[MATERIAL FOR THIS EXERCISE]
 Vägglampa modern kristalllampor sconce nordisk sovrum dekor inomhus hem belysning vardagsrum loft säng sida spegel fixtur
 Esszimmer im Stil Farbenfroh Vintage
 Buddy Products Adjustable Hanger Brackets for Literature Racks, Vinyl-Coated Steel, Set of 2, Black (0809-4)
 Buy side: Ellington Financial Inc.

--

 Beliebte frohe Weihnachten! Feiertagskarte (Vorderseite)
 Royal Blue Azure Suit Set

* * *

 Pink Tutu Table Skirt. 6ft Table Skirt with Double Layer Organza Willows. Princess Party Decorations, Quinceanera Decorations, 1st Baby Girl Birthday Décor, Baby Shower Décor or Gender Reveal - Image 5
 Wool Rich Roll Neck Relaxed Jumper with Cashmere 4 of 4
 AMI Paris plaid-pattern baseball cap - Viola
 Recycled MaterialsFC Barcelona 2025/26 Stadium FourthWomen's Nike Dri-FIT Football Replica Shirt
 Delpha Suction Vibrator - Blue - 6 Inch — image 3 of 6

[TASK PROMPT] Repeat, exactly as they stand above, the lines from the line with "Vägglampa modern kristalllampor" to the line with "Buy side: Ellington Financial Inc.", both lines included.

[RESULT OF THE EXERCISE]
 Vägglampa modern kristalllampor sconce nordisk sovrum dekor inomhus hem belysning vardagsrum loft säng sida spegel fixtur
 Esszimmer im Stil Farbenfroh Vintage
 Buddy Products Adjustable Hanger Brackets for Literature Racks, Vinyl-Coated Steel, Set of 2, Black (0809-4)
 Buy side: Ellington Financial Inc.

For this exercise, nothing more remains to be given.